Scientific classification
- Kingdom: Animalia
- Phylum: Mollusca
- Class: Gastropoda
- Order: Stylommatophora
- Superfamily: Zonitoidea
- Family: Zonitidae
- Genus: Zonites
- Species: Z. chloroticus
- Binomial name: Zonites chloroticus E. von Martens, 1889
- Synonyms: Helix chlorotica L. Pfeiffer, 1852 (original combination)

= Zonites chloroticus =

- Authority: E. von Martens, 1889
- Conservation status: VU
- Synonyms: Helix chlorotica L. Pfeiffer, 1852 (original combination)

Species of gastropod

Zonites chloroticus is a species of air-breathing land snail, a terrestrial pulmonate gastropod mollusk in the family Zonitidae.

- Subspecies
- Zonites chloroticus chloroticus (L. Pfeiffer, 1852)
- Zonites chloroticus polycrates E. von Martens, 1889

==Description==
The diameter of the shell measures 27.05 mm, its height 16 mm.

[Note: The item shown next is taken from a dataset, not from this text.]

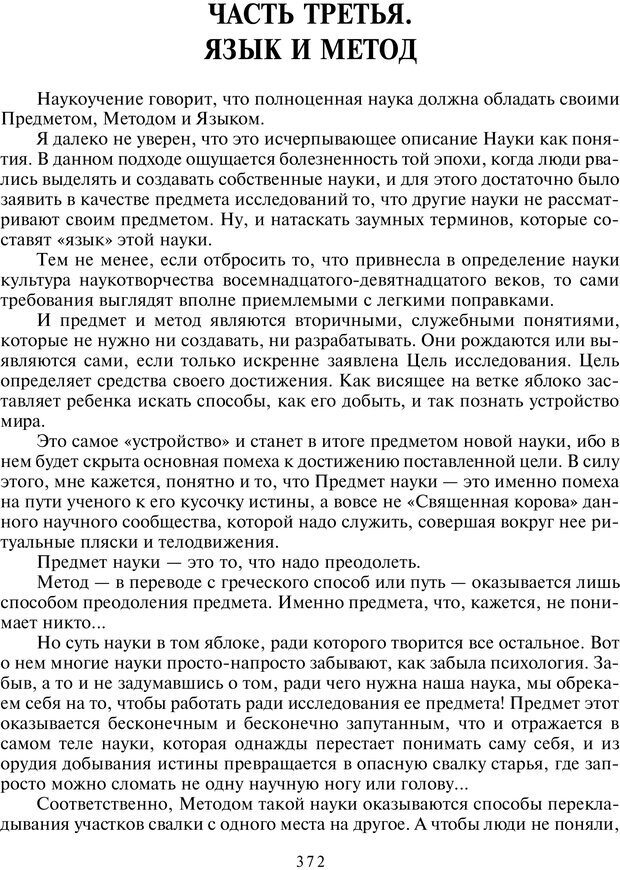 📖 PDF. Общая культурно-историческая психология. Шевцов А. А. Страница 371. Читать онлайн pdf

(Original description in Latin) The shell is moderately umbilicated with an orbiculate-convex shape. It is relatively thin and possesses a greenish-yellow hue. The upper surface is densely and regularly granulated, while the body whorl features crowded longitudinal striations and more distant concentric lines, creating an oblong-granular texture. The spire is briefly conoid and convex, terminating in an obtuse apex.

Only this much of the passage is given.